Reputation: 1437
I am new to PIG don't know much about it.How can i parse a text in PIG? to read field's values there is a concept of positional parameter in pig for example $0 corresponds to first field similarly is there any feature like positional parameter that can read entire row.what is RADOOP where exactly it can be used?
Upvotes: 1
Views: 6414
Reputation: 12939
Your question indicates that you would like to have some kind of interactive mode with your data, but that this data has a large volume.
RADOOP is a combination of R and Hadoop and it should be able to provide you with a GUI to run your Big Data through some R Statistical Analysis using Hadoop Scale processing.
In the meanwhile I suggest you to take a look at Google-Refine (http://code.google.com/p/google-refine/), which you can easily download and run your Data Evidence process with it.
With Google-Refine you can easily parse your data, using built-in text, date and numeric functions. You can also use Jython for further enhancing the needed functionality. It can handle a large scale with sampling your data and investigate its features using built-in Facets.
R is also a great tool for Data Evidence, with good sampling and other statistical analysis libraries.

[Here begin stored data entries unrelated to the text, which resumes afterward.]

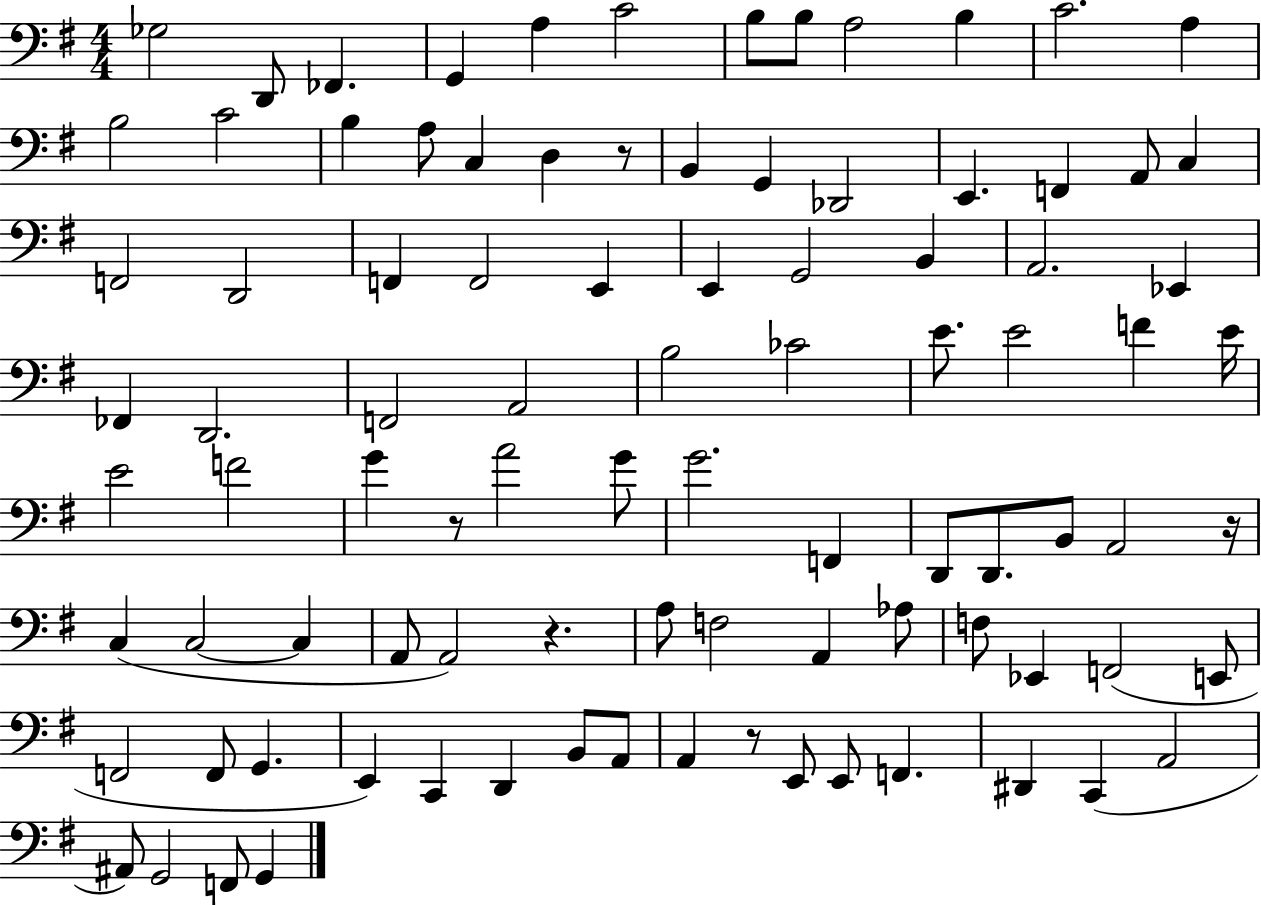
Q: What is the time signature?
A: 4/4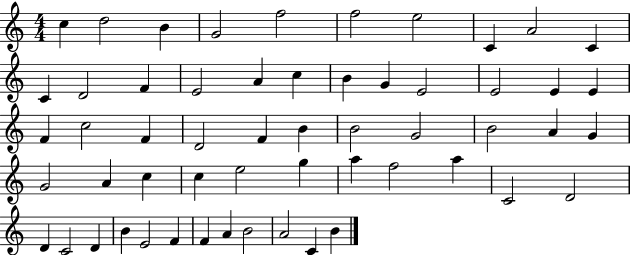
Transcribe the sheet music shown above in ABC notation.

X:1
T:Untitled
M:4/4
L:1/4
K:C
c d2 B G2 f2 f2 e2 C A2 C C D2 F E2 A c B G E2 E2 E E F c2 F D2 F B B2 G2 B2 A G G2 A c c e2 g a f2 a C2 D2 D C2 D B E2 F F A B2 A2 C B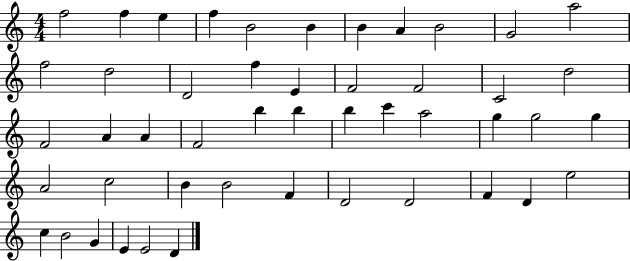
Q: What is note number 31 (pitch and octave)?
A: G5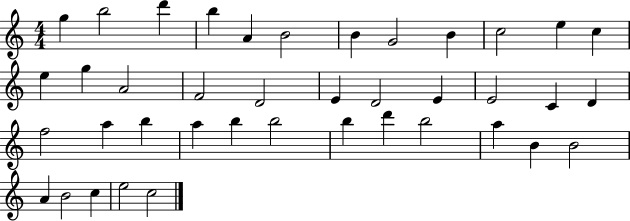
X:1
T:Untitled
M:4/4
L:1/4
K:C
g b2 d' b A B2 B G2 B c2 e c e g A2 F2 D2 E D2 E E2 C D f2 a b a b b2 b d' b2 a B B2 A B2 c e2 c2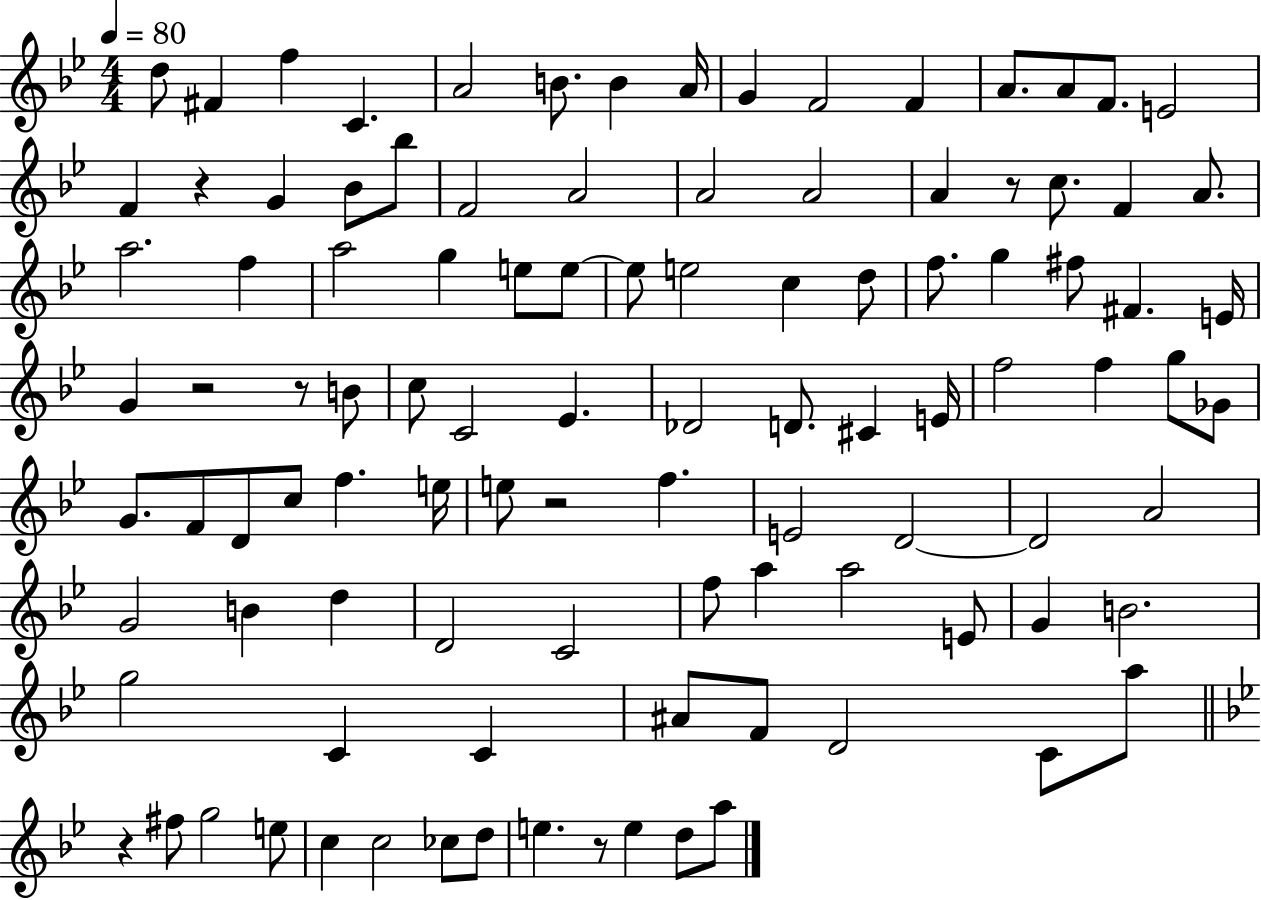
X:1
T:Untitled
M:4/4
L:1/4
K:Bb
d/2 ^F f C A2 B/2 B A/4 G F2 F A/2 A/2 F/2 E2 F z G _B/2 _b/2 F2 A2 A2 A2 A z/2 c/2 F A/2 a2 f a2 g e/2 e/2 e/2 e2 c d/2 f/2 g ^f/2 ^F E/4 G z2 z/2 B/2 c/2 C2 _E _D2 D/2 ^C E/4 f2 f g/2 _G/2 G/2 F/2 D/2 c/2 f e/4 e/2 z2 f E2 D2 D2 A2 G2 B d D2 C2 f/2 a a2 E/2 G B2 g2 C C ^A/2 F/2 D2 C/2 a/2 z ^f/2 g2 e/2 c c2 _c/2 d/2 e z/2 e d/2 a/2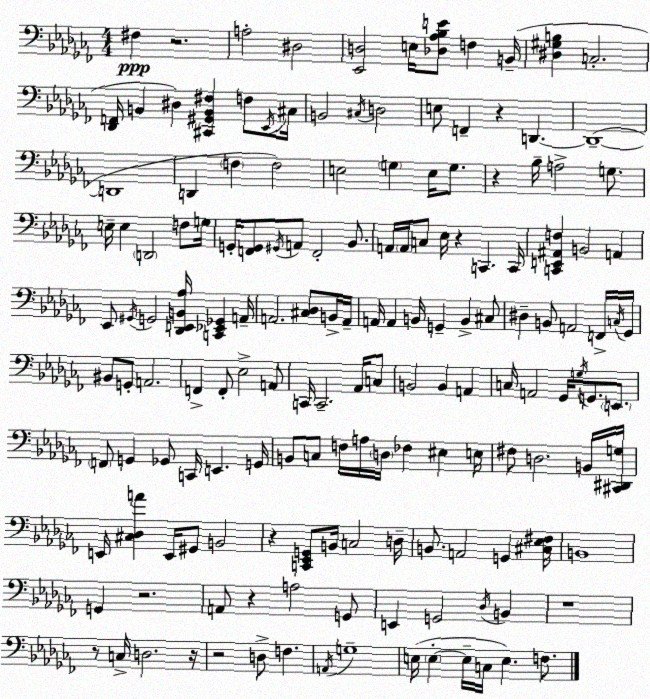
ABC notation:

X:1
T:Untitled
M:4/4
L:1/4
K:Abm
^F, z2 A,2 ^D,2 [_E,,D,]2 E,/4 [_D,_A,_B,E]/2 F, B,,/4 [^D,^G,B,] C,2 [_D,,F,,]/4 B,, ^D, [^C,,^G,,B,,^F,] F,/2 _E,,/4 ^C,/4 B,,2 ^C,/4 D,2 E,/2 F,, z D,, D,,4 D,,4 D,, F, F,2 E,2 G, E,/4 G,/2 z _B,/4 A,2 G,/2 E,/4 E, D,,2 F,/2 G,/4 G,,/4 [F,,G,,]/2 ^G,,/4 A,,/2 F,,2 _B,,/2 A,,/4 A,,/4 C,/2 _E,/4 z C,, C,,/4 [C,,E,,^A,,F,] B,,2 A,, _E,,/2 ^G,,/4 G,,2 [_D,,E,,B,,_A,]/4 [C,,_E,,_G,,] A,,/4 A,,2 [^C,_D,]/2 B,,/4 A,,/4 A,,/4 A,, B,,/4 G,, B,, ^C,/2 ^D, B,,/2 A,,2 F,,/4 C,/4 _G,,/4 ^B,,/2 G,,/2 A,,2 F,, F,,/2 _E,2 A,,/2 C,,/4 C,,2 _A,,/4 C,/2 B,,2 B,, A,, C,/4 A,,2 _G,,/4 G,/4 G,,/2 E,,/2 F,,/2 G,, _G,,/2 C,,/4 E,, G,,/4 B,,/2 C,/2 F,/4 A,/4 D,/4 _F, ^E, E,/4 ^F,/2 D,2 B,,/4 [^C,,^D,,G,]/4 E,,/4 [^C,_D,A] E,,/4 ^G,,/2 B,,2 z [C,,_E,,G,,]/2 B,,/4 C,2 D,/4 B,,/2 A,,2 G,, [^C,_E,^F,]/4 B,,4 G,, z2 A,,/2 z A,2 G,,/2 E,, G,,2 _D,/4 B,, z4 z/2 C,/4 D,2 z/4 z2 D,/2 F, A,,/4 G,4 E,/4 E, E,/4 C,/4 E, F,/2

But its interface is based on command-line and it is targeted at advanced statistician and analysts, and not for the common user.
Upvotes: 1
Reputation: 28954
I guess you are asking for not tokenize the entire row, just take the entire row as an field, right ?
Then, I think you can use PigStorage('\n'), use '\n' as the field delimiter to treat the entire row as one field.
And I think your "RADOOP" mean hadoop, right ? As a first step, you can run pig in local mode, which means you do not need to install hadoop.
Upvotes: 0
Reputation: 2497
For text parsing , first of all you can read from the tutorials of PIG and the wordcount example.
Links given below :
Wordcount example - Read the wordcount example from this link and relate the commands given in the tutorial.
Upvotes: 0
Reputation: 19676
I am not really sure what you are asking. Pig has a number of functions such as TOKENIZE and regex matching / extraction UDFs which can be helpful. Naturally, you can write any text processing code you like in Java or Python, too, and invoke it.
Upvotes: 0